The soloists were probably almost as good as you could hope to hear in a performance these days, but that is a somewhat sad commentary on the Wagnerian singing situation. Both the lead singers had small voices for their parts, in the case of Katarina Dalayman’s Brünnhilde seriously so. She is fine, gracious and dignified to look at, she seems involved in the role, she lets forth some strong high notes, but the middle of her register, where so much of the music lies — for instance, the last note — is simply not there, and Brünnhilde’s sublime benediction on Wotan was barely audible. Another Swede, Lars Cleveman, as Siegfried is a more resourceful artist, making a fairly ordinary voice go a long way, and building his interpretation, so that Act III, where Siegfried at last becomes heroic, in his acceptance of death, and in his overwhelming Narration, where he comes to terms with what his life has been, was unreservedly successful for him. But I must mention the outstanding vocal performance: on the first evening Susan Bickley, the extraordinarily versatile — and strangely underemployed in the big houses — mezzo, delivered the most moving and eloquent account of Waltraute’s narration that I have ever witnessed in a concert hall or theatre. This was truly great singing, with a use of the words which no one else emulated, and a dramatic intelligence which meant that, as Wagner intended, the distinction between narration and presentation vanished, and we witnessed what Waltraute was telling us about. One rarely, now, comes across such a performance, which takes its place in the grand tradition of artists who have made this scene the most deeply affecting of the whole work.

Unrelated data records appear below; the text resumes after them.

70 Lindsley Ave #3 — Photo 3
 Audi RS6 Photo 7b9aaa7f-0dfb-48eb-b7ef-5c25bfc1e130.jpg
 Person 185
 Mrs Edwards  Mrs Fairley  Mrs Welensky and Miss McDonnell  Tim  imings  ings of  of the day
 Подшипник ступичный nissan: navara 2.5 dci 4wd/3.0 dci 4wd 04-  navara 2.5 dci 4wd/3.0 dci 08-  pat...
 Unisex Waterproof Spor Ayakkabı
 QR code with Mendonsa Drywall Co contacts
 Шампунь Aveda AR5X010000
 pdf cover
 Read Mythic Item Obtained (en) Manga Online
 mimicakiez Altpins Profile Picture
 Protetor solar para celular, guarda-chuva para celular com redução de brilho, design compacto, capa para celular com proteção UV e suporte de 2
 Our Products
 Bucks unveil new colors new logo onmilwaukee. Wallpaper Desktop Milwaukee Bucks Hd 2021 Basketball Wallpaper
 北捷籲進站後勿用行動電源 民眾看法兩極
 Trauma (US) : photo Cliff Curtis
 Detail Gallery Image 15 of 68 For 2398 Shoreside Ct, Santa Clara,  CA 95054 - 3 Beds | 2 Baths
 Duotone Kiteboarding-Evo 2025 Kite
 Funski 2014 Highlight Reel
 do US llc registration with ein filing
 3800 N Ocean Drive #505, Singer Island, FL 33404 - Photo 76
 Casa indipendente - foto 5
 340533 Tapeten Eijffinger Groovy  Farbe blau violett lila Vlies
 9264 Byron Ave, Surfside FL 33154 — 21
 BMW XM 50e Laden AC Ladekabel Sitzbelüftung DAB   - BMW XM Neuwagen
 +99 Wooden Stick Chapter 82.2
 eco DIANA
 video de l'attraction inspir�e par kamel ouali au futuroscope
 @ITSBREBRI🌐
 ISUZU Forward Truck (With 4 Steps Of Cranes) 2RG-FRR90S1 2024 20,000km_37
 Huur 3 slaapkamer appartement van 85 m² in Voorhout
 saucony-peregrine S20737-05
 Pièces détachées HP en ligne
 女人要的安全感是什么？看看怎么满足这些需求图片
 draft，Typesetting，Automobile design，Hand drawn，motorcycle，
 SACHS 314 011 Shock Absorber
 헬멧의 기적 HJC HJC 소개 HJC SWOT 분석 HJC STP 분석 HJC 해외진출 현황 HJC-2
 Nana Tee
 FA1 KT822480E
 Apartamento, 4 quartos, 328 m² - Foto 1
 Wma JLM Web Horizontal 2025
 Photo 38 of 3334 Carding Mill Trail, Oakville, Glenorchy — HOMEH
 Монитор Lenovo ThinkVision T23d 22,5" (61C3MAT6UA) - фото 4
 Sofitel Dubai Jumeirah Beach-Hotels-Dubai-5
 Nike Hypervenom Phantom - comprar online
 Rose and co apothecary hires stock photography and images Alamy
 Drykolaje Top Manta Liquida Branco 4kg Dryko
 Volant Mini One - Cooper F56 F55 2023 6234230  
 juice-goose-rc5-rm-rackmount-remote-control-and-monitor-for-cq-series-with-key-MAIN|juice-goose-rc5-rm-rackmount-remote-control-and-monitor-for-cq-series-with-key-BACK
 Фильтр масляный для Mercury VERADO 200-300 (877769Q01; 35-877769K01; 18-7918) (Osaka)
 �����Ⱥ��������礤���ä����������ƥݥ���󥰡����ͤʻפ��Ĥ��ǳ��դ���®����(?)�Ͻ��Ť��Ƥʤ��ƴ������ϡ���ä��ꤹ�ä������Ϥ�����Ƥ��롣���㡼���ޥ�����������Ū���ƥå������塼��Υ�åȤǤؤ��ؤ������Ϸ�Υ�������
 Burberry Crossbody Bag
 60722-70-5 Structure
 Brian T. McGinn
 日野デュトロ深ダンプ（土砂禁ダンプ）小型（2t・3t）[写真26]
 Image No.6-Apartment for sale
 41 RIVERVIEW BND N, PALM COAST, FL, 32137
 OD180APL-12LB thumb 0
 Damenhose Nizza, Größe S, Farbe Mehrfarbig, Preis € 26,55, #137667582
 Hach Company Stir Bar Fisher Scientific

The South Korean Attila Jun got a fantastic reception for his Hagen, and there was no lack of baleful tone pouring from him, but I was never persuaded that he had more than an approximate idea of what he was singing, and his voice has a curious halo round it, a halo of woof — it almost sounded as if there were two of him, not singing quite simultaneously. The other Gibichungs were good, and so were the two teams of women, the Rhinemaidens in particular, the Norns better in reverse order of appearance. Andrew Shore made a lot of the strange scene of Alberich’s nocturnal visit. The three choirs — there can rarely have been so many Gibichungs — sang with fearsome lustiness. The performance would have benefited from some more production, i.e., just a little; people just walked on when they had to sing and walked off when they stopped, except for Dalayman after her ride into the pyre. That is carping, though. It was an experience that must have made an indelible impression on any receptive listener, and I can only repeat my hopes for its repetition and extension.
The evening before I had seen Verdi’s Don Carlos, Opera North at last returning to territory where it excels, after its prolonged leaden flirtation with levity. This was the four-act version, a wise decision given that the first half was almost two hours long, and we hadn’t got to most of the great music yet. That is the snag with this in many ways wonderful work: the last two acts are so much finer than the previous two (or three, if Fontainebleau is included). The conductor is the best Verdian of our time, Richard Farnes. He elicited noble sounds from the orchestra, and possibly the loudest chord I have ever heard in a theatre; and, crucially, he is a master of the grand line. The production of Tim Albery manages to combine non-atmospheric minimalism with vast pauses between scenes, after which the main difference is that the characters are moving around in a somewhat different set of large holes. The cast is good without being remarkable, though I’m sure that Janice Watson, who has the right kind of voice for Elisabeth, can and will put more into the role than she did. Julian Gavin puts his all into every note, and the effect is a bit wearing, but you have to be grateful. William Dazeley is a youthful, impetuous Rodrigo, and his long scene with the Philip of Brindley Sherratt came off better than it usually does. The English of Andrew Porter’s excellent translation came across with unusual clarity. I have a feeling that later performances of this demanding work will be a little more persuasive than I found this one to be.